MICHIGAN CLASS ACTION | DEPAUW v. MORTGAGE ELECTRONIC REGISTRATION SYSTEMS, INC. “MERS”


UNITED STATES DISTRICT COURT
EASTERN DISTRICT OF MICHIGAN
SOUTHERN DIVISION

* * * * * * * *

MARLYA DEPAUW and SHARON & TERRANCE LAFRANCE, Individually and as Representatives of a Class of Individuals Similarly Situated,
Plaintiffs,

v.

MORTGAGE ELECTRONIC
REGISTRATION SYSTEMS, INC.
c/o The Corporation Trust Company,
as Statutory Agent
Corporation Trust Center
1209 Orange Street
New Castle, DE 19801,
Defendant.

Case Number: 2:11-cv-12032

JUDGE:
Magistrate Judge:


______________________________________________________________________________

CLASS ACTION COMPLAINT WITH DEMAND FOR JURY
TRIAL ENDORSED HEREON

EXCERPT:

16. In many of the actions filed by MERS, mortgagor homeowners responded by filing pleadings arguing that MERS did not have the capacity to foreclose by advertisement as they did not own or have any interest in the underlying indebtedness.

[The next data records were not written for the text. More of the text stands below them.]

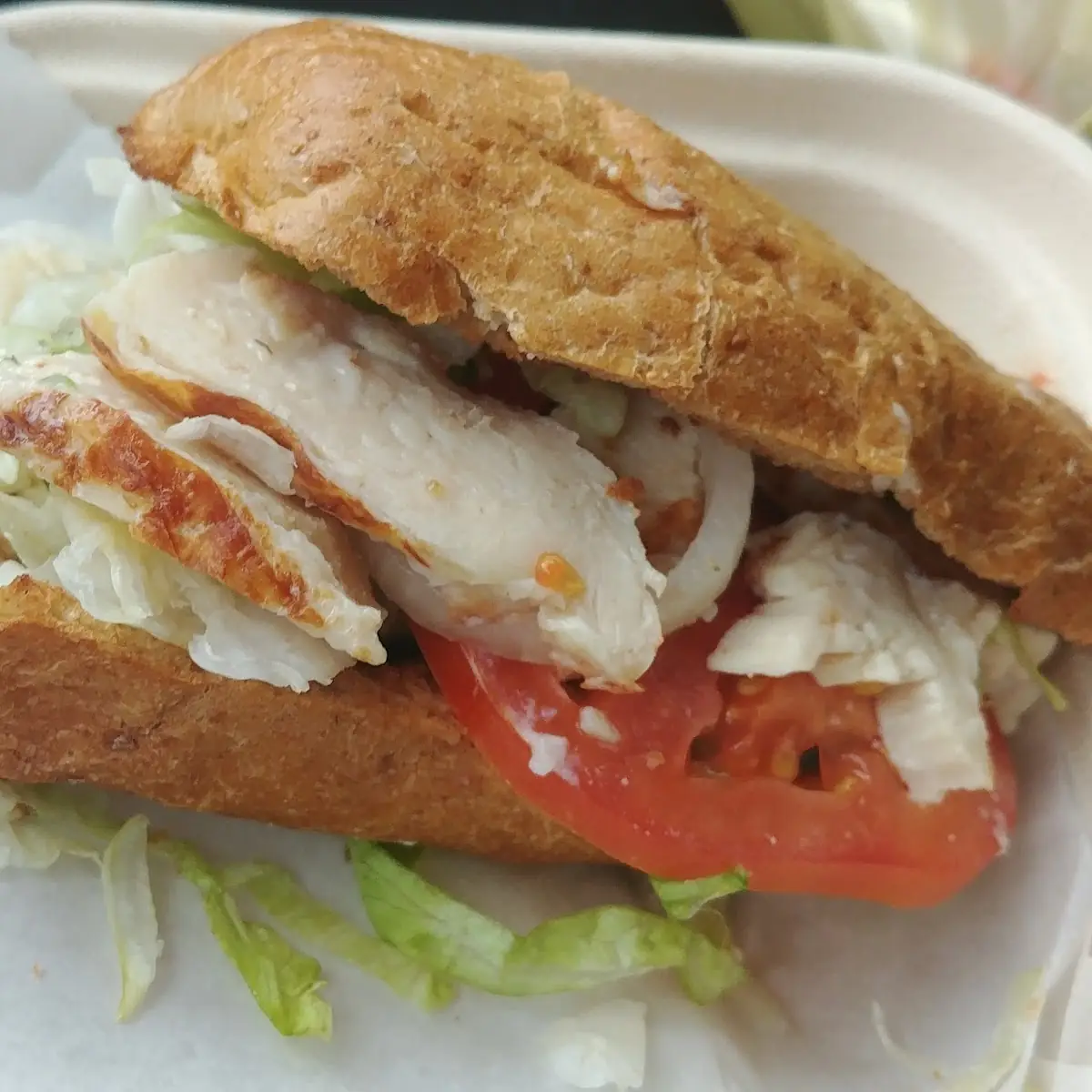 Chicken Gyro Sub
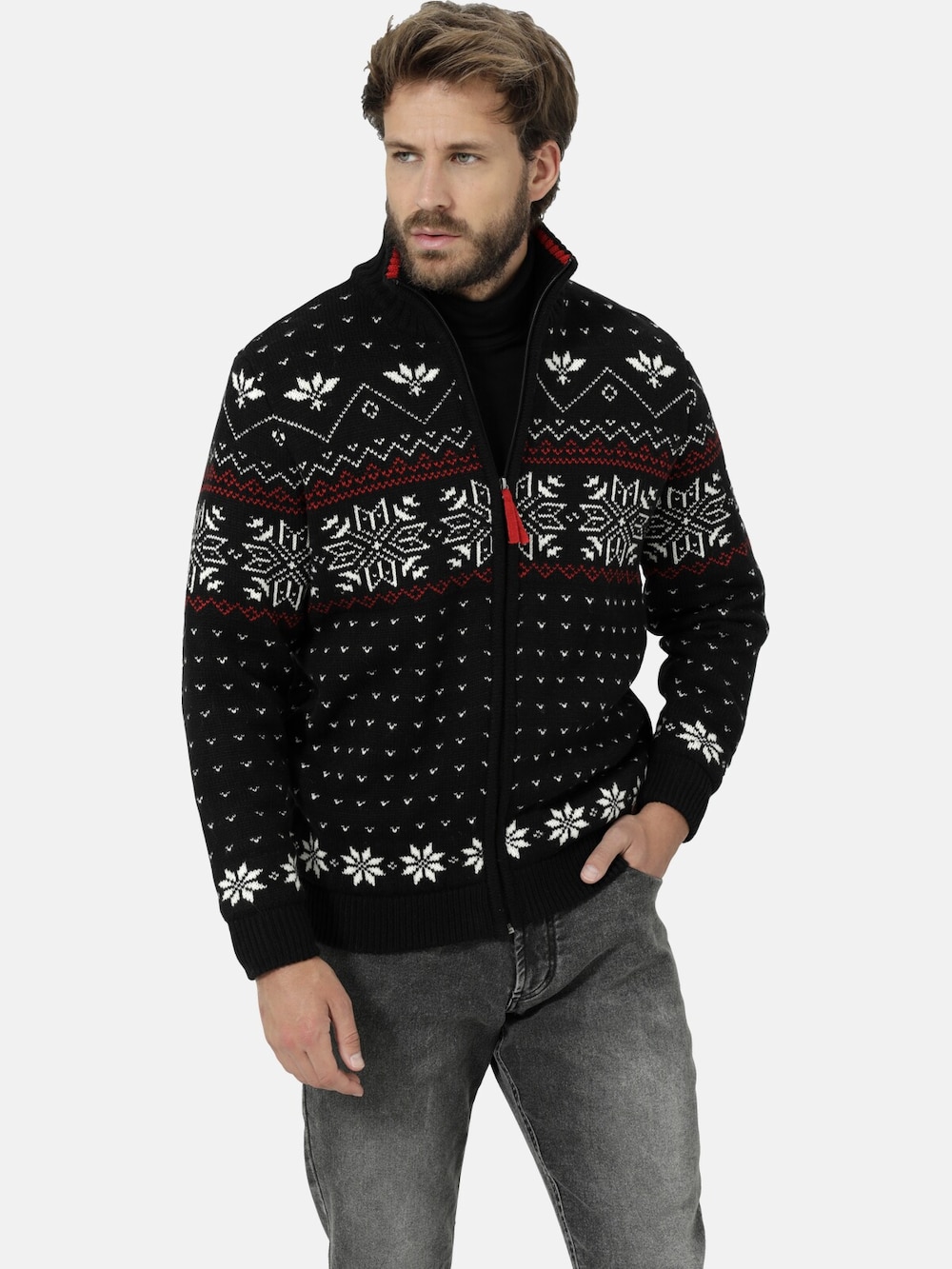 Outdoor Strickjacke SORRENZI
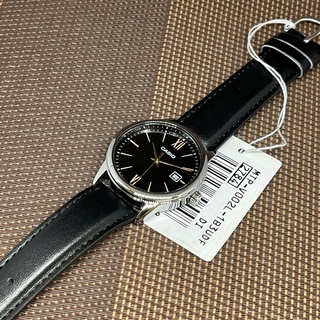 Casio MTP-V002L-1B3 Standard Analog Black Leather Strap Men's Dress Watch #6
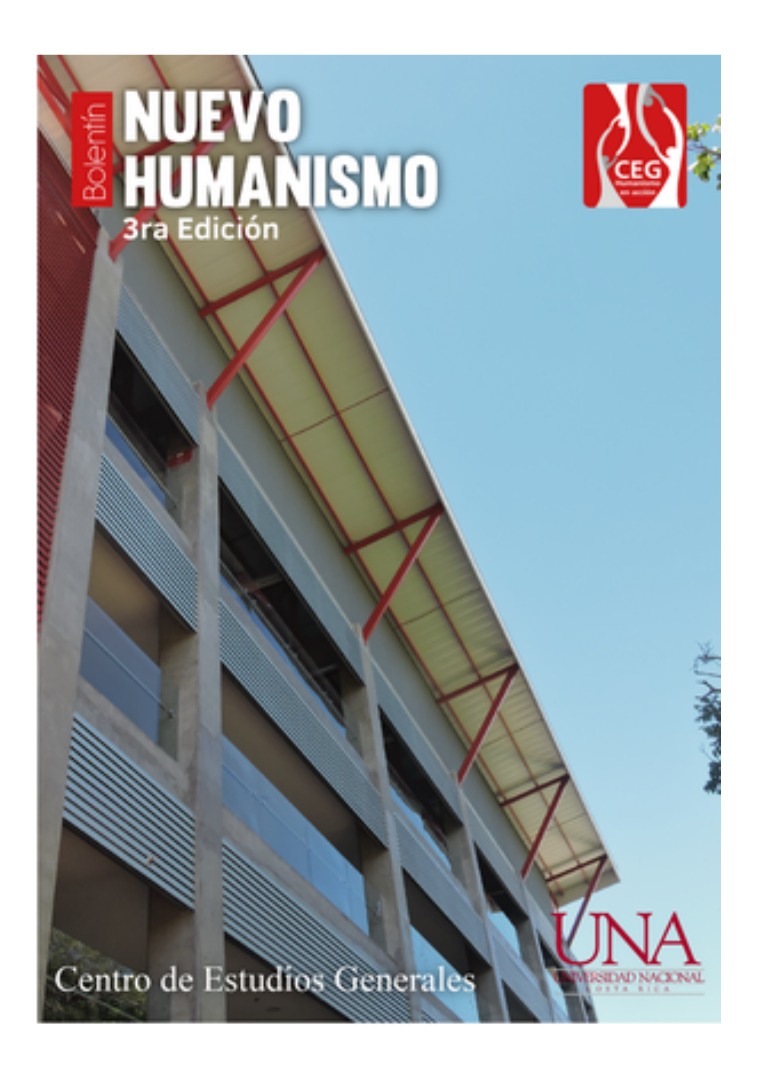 Boletín Nuevo Humanismo III Edición 2018 III Edición 2018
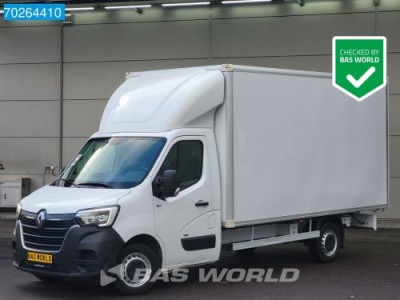 Renault Master Z.E. 77PK 100% elektrisch 33kWh ZE E-Tech Bakwagen Koffer Meubelbak 19m3 Airco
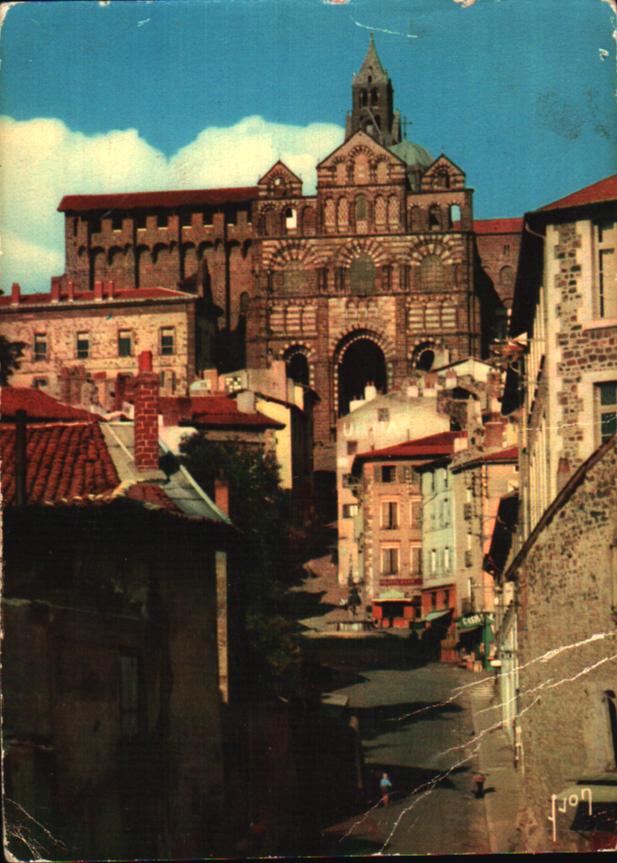 Cartes postales anciennes > CARTES POSTALES > carte postale ancienne > cartes-postales-ancienne.com  Le Puy En Velay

17. In response to these challenges, MERS would normally answer by providing confusing loan documents and claiming an interest in the underlying debt, even though they knew this was not true and that they were not complying with the requirements of MCL 600.3201, et seq.

18. Even in the face of these challenges, MERS did, and continued for a period of years, to knowingly, fraudulently and illegally foreclose using a State law upon which they had no authority or right to utilize.

19. In these cases, MERS lacked the authority to foreclose by advertisement pursuant to MCL 600.3201, et seq., as MERS was never either the owner of the underlying indebtedness or loan and was not the servicing agent of the mortgage.

20. On April 21, 2011, the State of Michigan, Court of Appeals in the consolidated case of Residential Funding Co., LLC v. Gerald Saurman, (Residential Funding Co, LLC v. Saurman, 290248, 291443 (MICA)), issued a ruling stating in pertinent part that in cases where MERS did not own the underlying indebtedness, did not own an interest in the indebtedness secured by the mortgage, or did not service the mortgage, MERS was therefore unable to comply with the statutory requirements of MCL 600.3201(1)(d), and subsequently had no right to foreclose by advertisement.

21. The Court of Appeals continued, and ruled that in those such cases where MERS did foreclose by advertisement upon the foregoing conditions rendered those foreclosure proceedings void ab initio.

Continue below…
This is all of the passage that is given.